However, in the long term, it will force the Irish Republic to the negotiating table once again to draw up a new Anglo-Irish Treaty. Unlike 1920, this will not be a treaty whereby a sizeable chunk of Ireland will be leaving British influence; the potential 2020 treaty will see the Republic give a firm commitment to re-join the Commonwealth Parliamentary Association in the first instance.

Like the UK, the treaty must provide for the people of the Republic to have a referendum on their EU membership. Irexit will now be firmly on the negotiating table.

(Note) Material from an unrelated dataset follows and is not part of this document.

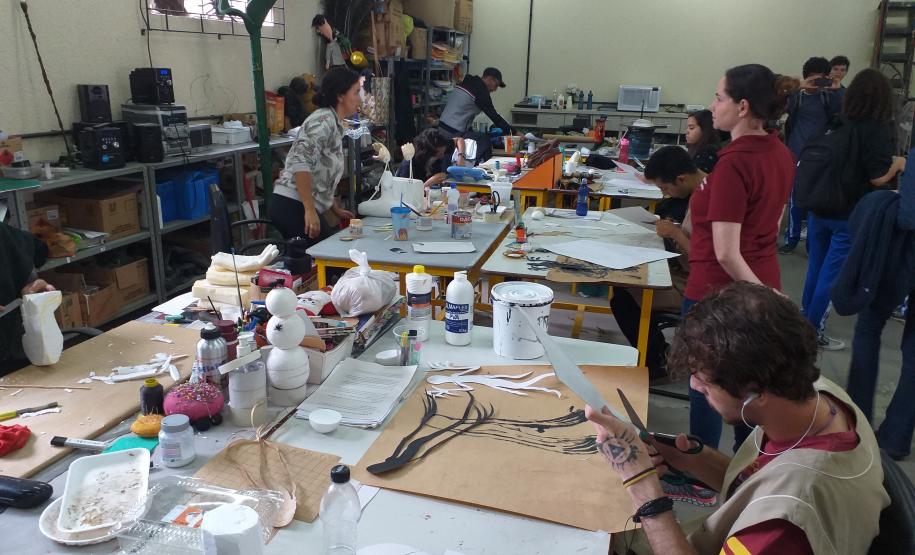 Foto 12 Os estudantes Samuel Prado dos Santos e Michele Carvalho de Souza, autores na produção literária da primeira Revista do CEP em Quadrinhos, estiveram na 24a edição da Feira Municipal do Livro (Femuli), realizada em São José dos Pinhais na Região Metropolitana de Curitiba. Na última sexta-feira (8), eles foram ao evento para falar com os espectadores e visitantes da feira sobre suas experiências no processo de desenvolvimento do roteiro e das ilustrações incluídas na obra em HQ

Southern politicians will then face the ultimate moral dilemma – do they stick dogmatically to the concept of an independent republic which, economically, will be nothing more than a third-rate African state as a post-Brexit UK puts the financial squeeze on the South, or will they put the people first, swallow their pride – and dump the EU and embrace the CPA?

The DUP as a movement has travelled a long journey since the days of throwing snowballs at Southern politicians, and disciplining its members for daring to venture south of the border. Demanding a hard political border under Brexit will leave the DUP holding the Republic “by the balls” to use a crude analogy. How hard the DUP leadership is prepared to squeeze “those balls” is another question.

O’Neill saw the value of closer ties with the Republic – will, or can, the DUP show the same vision in the weeks ahead?

John Coulter is a unionist political commentator and former Blanket columnist. 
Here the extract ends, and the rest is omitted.